The Possible Relationship Between Course Design and the Curve

Like just about every law school out there, our school periodically reviews its grading policies.  I was involved in such a review last year and at some point, the following question occurred to me: why is the curve is mostly confined to higher education?  In other words, why are K-12 students usually graded on their performance alone (rather than their relative performance) but college and grad students more often graded on a curve? I don’t know the answer to this question, but I’m willing to hazard an educated guess.  I think the curve is mostly confined to higher education because higher education, unlike primary and secondary education, tends to allow its teachers significant discretion in choosing course content.  I’m not arguing that such discretion is good or bad; I’m simply just suggesting that, where such discretion exists, we are more likely to see the curve.

More after the jump.

To see why, think first about primary and secondary school.  For grades K-12, the curricular agenda is clear.  We want kids to learn the three Rs, history, science, and civics, etc.  In most places, this isn’t just a matter of tradition, it’s a matter of law.  Most states have boards that dictate what must be taught and what students must know in order to graduate to the next level.  Teachers in primary and secondary school thus have little discretion in what to teach and what to test.  Moreover, many of the teaching and testing materials have been subjected to various levels of scrutiny to validate them. This is not universally true, of course.  There are bad books and bad tests out there, but in general, the K-12 teaching and learning process is supported by fairly robust superstructure of regulation and pedagogical expertise. 
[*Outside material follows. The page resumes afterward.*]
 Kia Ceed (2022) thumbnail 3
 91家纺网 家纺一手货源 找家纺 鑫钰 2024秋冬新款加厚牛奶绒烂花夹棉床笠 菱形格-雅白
This is not the case in higher education.  Although colleges offer plenty of basics in fields like math and science, they also offer a wide variety of other courses on topics like Latin American social movements, climate change policy, eighteenth century political philosophy and the like.  The professors who teach these courses are normally given discretion to teach the class more or less as they wish. If Professor X in the economics department wants to spend 5 classes Karl Marx and 1 class on Milton Friedman, she is generally free to do so. Indeed, the discretion is so significant that professors often create their own classes.  See, e.g., Lady Gaga and the Sociology of Fame.  When the professor is given broad discretion on what to teach, a robust superstructure that provides quality teaching materials and assessment tools is unlikely to develop. Such a system will only develop if there is relative uniformity in the material being taught; otherwise, the system is simply not cost-effective.  For this reason, professors are usually left to write their own test and decide for themselves what constitutes a sufficient level of mastery. 
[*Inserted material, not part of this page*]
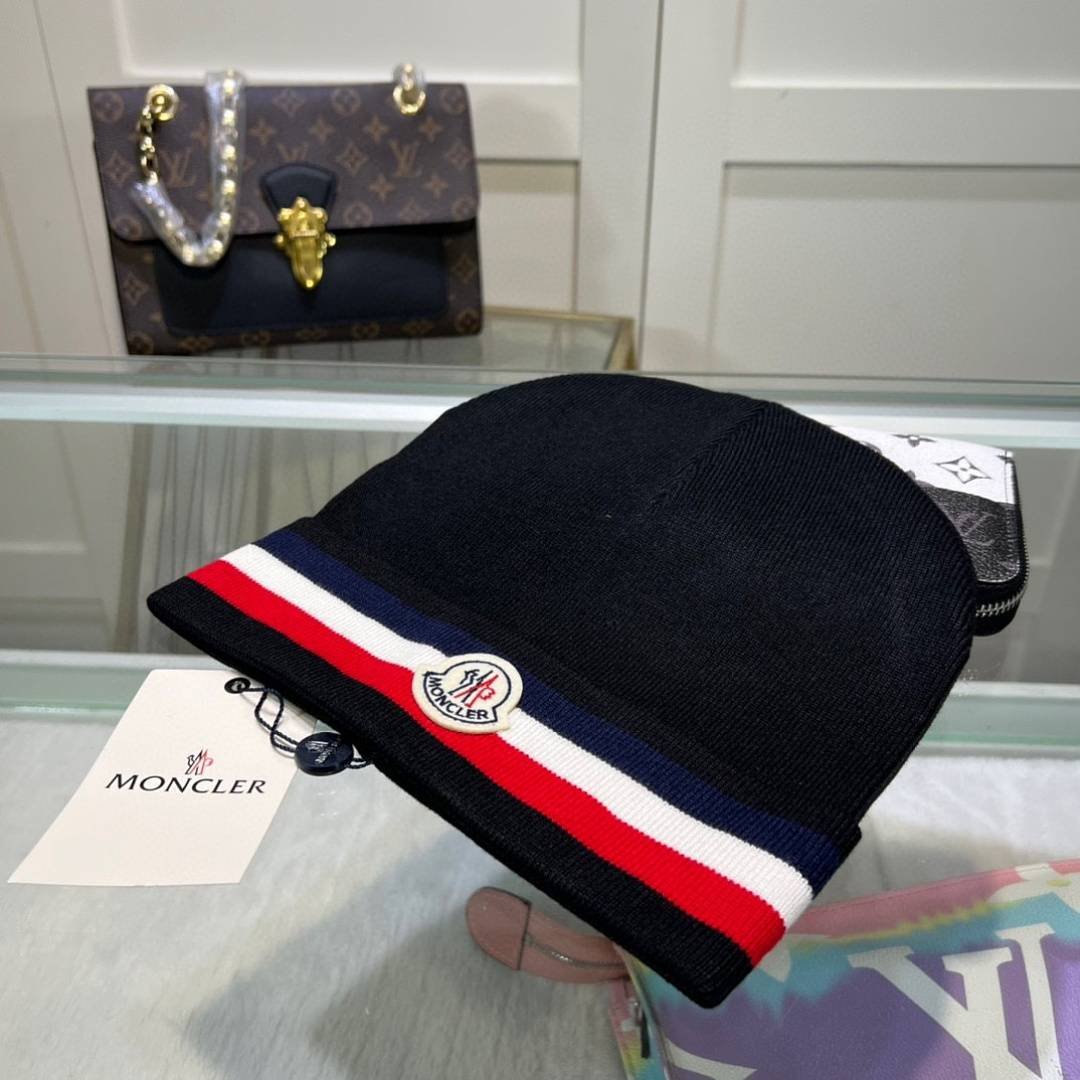 Moncler - Czapka beanie w trójkolorowe paski, 4 kolory - obrazek 4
But this is a lot harder than most people realize.  First you have to decide what topics you want to test, then decide what level of knowledge will constitute mastery, and finally you have to craft questions that will allow you to discern various levels of mastery.  This is hard stuff.  Indeed, there are people who get PhDs in assessment.  Most professors, of course, don’t have PhDs in assessment and, to a large extent, have not received meaningful training in the field.  Their tests are therefore likely to be imperfect.  Sometimes the tests are horrendous, but more often than not, they are simply flawed in one way or another.  And this is where the curve comes in; the curve is used to correct the flaw.

Students, by and large, hate the curve. My goal here isn’t to defend it or criticize it.  My goal is simply to suggest that the curve is in some sense tied to professorial discretion in choosing what to teach. Unless higher education is willing to dictate the content of specific courses, professors will end up teaching more or less what they deem appropriate.  To the extent this happens, there will be flawed testing and the curve will be more likely to pop up.  Or at least that is my hypothesis right now.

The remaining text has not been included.